Chiefs vs. Chargers: Sketching out a Game Plan for San Diego

Christopher HansenNFL AnalystOctober 31, 2012

KANSAS CITY, MO - SEPTEMBER 30:  Linebacker Shaun Phillips #95 of the San Diego Chargers hits quarterback Matt Cassel #7 of the Kansas City Chiefs causing a fumble during the second quarter on September 30, 2012 at Arrowhead Stadium in Kansas City, Missouri.  (Photo by Peter Aiken/Getty Images)
Peter Aiken/Getty Images

The San Diego Chargers beat the Kansas City Chiefs easily in Week 4 thanks to six turnovers. The Chargers scored 24 points off of those turnovers, including 10 on two possessions immediately following a touchdown on the game-opening drive. By the middle of the second quarter the Chargers had a 20-0 lead and by the end of the half a 27-6 lead.

The Chargers never had to contend with a heavy dose of Jamaal Charles because the Chiefs were playing from behind for the entire game. Playing from behind has been a common problem for the Chiefs, who have not led for a single second this season.

The Chiefs have lost six games, and every game had a similar theme. Score early, stack the box against Jamaal Charles and pressure Matt Cassel to make mistakes. It’s worked for every team, and it will work for the Chargers.

There is risk involved playing the Chiefs, because they have players capable of doing damage. If the Chiefs score first, the Chargers will be in uncharted territory where Charles is capable of taking over the game. A strong running game makes things more manageable for Cassel, who has proved he can get the ball to Dwayne Bowe. There is potential for things to snowball on the Chargers if they don’t execute early.


Score Early

Scoring first is important, but against a team that likes to run it’s even more important. The Chiefs have only been able to come back from early deficits once, and that was largely thanks to a horrid defense in New Orleans.

The Chiefs haven’t realized that putting the ball in the hands of their quarterback, regardless of score, is a bad option. Get a lead, force the Chiefs to throw and that will likely result in a bigger lead after the Chiefs turn the ball over.

Rivers should target Eric Berry in coverage and try to get the ball to Antonio Gates and Malcom Floyd. Rivers had only four incomplete passes against the Chiefs in Week 4, and he was content taking the shorter pass completions.
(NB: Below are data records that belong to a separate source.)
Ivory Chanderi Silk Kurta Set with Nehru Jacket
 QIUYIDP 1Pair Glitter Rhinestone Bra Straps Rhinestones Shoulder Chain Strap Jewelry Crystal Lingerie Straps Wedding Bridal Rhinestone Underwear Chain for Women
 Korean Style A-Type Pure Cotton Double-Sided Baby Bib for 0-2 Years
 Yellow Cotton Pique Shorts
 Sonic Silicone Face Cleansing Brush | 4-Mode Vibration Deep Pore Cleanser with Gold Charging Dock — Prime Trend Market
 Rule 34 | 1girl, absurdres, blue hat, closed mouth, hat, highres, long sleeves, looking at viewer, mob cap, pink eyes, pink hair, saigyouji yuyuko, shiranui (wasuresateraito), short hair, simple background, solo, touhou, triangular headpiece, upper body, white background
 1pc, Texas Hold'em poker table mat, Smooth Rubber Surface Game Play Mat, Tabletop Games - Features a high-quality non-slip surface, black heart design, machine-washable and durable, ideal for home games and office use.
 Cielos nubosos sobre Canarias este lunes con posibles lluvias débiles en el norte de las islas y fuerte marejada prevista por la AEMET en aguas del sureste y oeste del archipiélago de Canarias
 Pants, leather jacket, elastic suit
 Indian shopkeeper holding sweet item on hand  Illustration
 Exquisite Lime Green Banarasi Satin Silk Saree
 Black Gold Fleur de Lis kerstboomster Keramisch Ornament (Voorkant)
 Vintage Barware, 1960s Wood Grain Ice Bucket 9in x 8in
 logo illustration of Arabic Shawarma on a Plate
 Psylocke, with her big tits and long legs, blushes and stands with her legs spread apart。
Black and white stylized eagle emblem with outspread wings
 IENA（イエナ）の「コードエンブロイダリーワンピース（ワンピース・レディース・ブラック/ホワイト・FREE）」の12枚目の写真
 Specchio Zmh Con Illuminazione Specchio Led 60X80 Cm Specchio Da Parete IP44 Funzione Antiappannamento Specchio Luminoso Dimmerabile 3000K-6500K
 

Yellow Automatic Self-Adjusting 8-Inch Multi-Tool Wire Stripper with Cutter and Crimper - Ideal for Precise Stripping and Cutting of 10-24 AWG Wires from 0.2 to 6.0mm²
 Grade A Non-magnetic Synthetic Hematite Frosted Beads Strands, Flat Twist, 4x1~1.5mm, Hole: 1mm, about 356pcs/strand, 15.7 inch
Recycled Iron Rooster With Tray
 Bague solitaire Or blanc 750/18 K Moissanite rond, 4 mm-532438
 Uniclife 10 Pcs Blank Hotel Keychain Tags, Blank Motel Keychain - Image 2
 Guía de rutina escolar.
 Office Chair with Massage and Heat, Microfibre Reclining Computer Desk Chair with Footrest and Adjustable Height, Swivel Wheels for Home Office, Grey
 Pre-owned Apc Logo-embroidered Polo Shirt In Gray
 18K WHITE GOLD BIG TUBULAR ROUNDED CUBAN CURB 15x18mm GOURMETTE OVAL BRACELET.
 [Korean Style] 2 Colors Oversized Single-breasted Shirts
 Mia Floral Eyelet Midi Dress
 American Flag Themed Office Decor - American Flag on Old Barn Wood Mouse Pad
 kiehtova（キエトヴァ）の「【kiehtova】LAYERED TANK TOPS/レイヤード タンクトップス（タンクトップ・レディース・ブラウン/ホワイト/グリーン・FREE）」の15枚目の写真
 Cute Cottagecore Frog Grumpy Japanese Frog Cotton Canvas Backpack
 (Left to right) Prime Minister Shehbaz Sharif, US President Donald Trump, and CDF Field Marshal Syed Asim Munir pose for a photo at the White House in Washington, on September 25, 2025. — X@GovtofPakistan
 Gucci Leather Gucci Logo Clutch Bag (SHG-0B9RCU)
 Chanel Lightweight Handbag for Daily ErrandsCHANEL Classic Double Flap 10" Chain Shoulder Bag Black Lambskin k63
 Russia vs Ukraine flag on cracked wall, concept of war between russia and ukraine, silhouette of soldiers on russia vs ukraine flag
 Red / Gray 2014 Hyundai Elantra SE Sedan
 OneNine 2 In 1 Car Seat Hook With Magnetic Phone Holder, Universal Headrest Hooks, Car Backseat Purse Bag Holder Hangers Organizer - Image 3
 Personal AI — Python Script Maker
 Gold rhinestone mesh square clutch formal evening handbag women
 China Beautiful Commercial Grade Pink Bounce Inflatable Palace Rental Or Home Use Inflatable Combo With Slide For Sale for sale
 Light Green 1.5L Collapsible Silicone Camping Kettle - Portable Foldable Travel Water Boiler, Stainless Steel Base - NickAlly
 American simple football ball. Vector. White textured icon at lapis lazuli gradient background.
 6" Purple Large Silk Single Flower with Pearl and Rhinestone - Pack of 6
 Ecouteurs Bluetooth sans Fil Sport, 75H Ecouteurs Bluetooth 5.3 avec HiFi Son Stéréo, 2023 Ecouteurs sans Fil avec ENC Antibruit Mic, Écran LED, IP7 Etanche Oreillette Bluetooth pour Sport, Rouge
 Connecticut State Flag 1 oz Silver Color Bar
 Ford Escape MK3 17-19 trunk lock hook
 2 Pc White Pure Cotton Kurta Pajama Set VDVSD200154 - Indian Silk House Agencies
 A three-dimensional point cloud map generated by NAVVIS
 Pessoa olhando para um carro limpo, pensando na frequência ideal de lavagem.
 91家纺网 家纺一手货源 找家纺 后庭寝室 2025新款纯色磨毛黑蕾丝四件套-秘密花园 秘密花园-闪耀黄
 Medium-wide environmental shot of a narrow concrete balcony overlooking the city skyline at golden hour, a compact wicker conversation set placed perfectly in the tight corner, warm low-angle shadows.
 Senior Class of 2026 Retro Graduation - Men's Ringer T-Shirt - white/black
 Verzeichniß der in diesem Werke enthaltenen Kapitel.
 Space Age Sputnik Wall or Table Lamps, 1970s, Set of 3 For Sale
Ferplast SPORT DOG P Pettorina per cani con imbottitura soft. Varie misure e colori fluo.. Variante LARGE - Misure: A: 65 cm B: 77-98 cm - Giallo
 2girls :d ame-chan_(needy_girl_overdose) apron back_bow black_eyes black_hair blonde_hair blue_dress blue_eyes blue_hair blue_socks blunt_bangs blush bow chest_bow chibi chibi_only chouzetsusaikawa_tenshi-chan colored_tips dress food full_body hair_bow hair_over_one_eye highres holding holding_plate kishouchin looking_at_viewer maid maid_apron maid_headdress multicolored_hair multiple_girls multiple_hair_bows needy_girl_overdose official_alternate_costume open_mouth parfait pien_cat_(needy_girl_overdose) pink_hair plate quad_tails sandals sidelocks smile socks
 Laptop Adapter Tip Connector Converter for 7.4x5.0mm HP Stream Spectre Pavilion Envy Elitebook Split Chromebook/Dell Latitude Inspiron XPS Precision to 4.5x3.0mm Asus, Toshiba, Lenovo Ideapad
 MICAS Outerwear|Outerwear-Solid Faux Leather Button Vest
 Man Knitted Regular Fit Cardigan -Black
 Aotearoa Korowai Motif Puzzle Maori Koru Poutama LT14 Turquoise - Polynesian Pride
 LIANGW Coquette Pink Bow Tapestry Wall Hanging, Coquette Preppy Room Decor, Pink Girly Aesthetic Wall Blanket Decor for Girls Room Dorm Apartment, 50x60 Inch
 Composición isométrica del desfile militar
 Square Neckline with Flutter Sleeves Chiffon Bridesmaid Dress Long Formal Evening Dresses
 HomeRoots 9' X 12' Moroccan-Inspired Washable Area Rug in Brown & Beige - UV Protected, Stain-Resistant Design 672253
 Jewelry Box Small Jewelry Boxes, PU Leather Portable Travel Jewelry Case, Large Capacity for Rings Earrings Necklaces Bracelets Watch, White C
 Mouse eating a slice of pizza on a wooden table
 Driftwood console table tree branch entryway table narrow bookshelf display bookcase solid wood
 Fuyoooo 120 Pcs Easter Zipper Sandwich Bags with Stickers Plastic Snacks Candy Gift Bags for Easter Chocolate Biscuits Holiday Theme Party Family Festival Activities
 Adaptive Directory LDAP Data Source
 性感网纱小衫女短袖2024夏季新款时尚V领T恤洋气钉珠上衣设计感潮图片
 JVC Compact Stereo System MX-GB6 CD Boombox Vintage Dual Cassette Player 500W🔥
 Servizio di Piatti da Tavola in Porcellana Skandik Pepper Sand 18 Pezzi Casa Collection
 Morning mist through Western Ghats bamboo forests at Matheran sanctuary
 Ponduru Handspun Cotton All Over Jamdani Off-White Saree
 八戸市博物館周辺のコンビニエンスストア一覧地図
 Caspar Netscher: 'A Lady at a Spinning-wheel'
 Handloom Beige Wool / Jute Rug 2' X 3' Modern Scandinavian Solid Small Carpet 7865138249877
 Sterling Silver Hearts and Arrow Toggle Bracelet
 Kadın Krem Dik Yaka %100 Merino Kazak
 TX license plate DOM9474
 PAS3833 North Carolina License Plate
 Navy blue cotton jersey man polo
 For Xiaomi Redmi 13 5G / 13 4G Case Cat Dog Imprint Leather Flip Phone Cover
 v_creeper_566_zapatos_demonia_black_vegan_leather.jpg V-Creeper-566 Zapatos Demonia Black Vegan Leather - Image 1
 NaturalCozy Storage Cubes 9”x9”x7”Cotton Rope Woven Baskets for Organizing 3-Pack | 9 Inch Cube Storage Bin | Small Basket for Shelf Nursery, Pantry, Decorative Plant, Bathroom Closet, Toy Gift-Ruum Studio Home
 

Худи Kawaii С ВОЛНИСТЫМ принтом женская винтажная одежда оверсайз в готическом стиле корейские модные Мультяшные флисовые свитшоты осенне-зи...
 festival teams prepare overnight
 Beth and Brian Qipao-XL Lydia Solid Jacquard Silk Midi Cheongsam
The worst thing Rivers can do is force passes deep that result in turnovers.

The Chargers should win, but they can’t be giving the Chiefs additional opportunities to figure things out.


Stack the Box

Put eight men in the box and force Cassel to throw, even in passing situations. Charles is capable of putting a team on his back if the defense doesn’t protect the edge and load the box.

The Chargers were successful at slowing down Charles in Week 4, and outside of an amazing play in which he turned a four-yard loss into a 37-yard touchdown, he would have been held to 3.1 yards per carry.

San Diego boasts one of the best run defenses in the NFL, and they should be able to slow Charles down again and force Cassel to go to the air to beat them, which he hasn’t been able to do this season.


Pressure Cassel

The Chiefs are minus-18 in turnover margin, which is the worst in the NFL by seven turnovers. The Chiefs have lost 12 fumbles and thrown 13 interceptions, and no team has been worse in either category.

A big part of the problem is at quarterback where Cassel has thrown 10 interceptions and lost six fumbles alone. Take away half of Cassel’s interceptions and five of the fumbles and the Chiefs are just minus-three in turnover margin. Take away Brady Quinn’s three interceptions and the Chiefs are even in turnover margin.

Perhaps there is no more important key to beating the Chiefs than pressuring Cassel to make a mistake. Cassel has turned the ball over no fewer than two times in every game he’s played this season. Natural pressure works and so does the blitz.

Sending an extra rusher makes Cassel panic and he makes poor decisions. The Chargers sent five guys on a play that was designed to look like six players were rushing, and then Eric Weddle picked Cassel off.

A good pass-rusher like Shaun Phillips coming off the edge can cause all kinds of problems for an offensive line, but in Cassel’s case a sack is the least of his worries. Hit Cassel while he has the ball and he’ll fumble about half the time.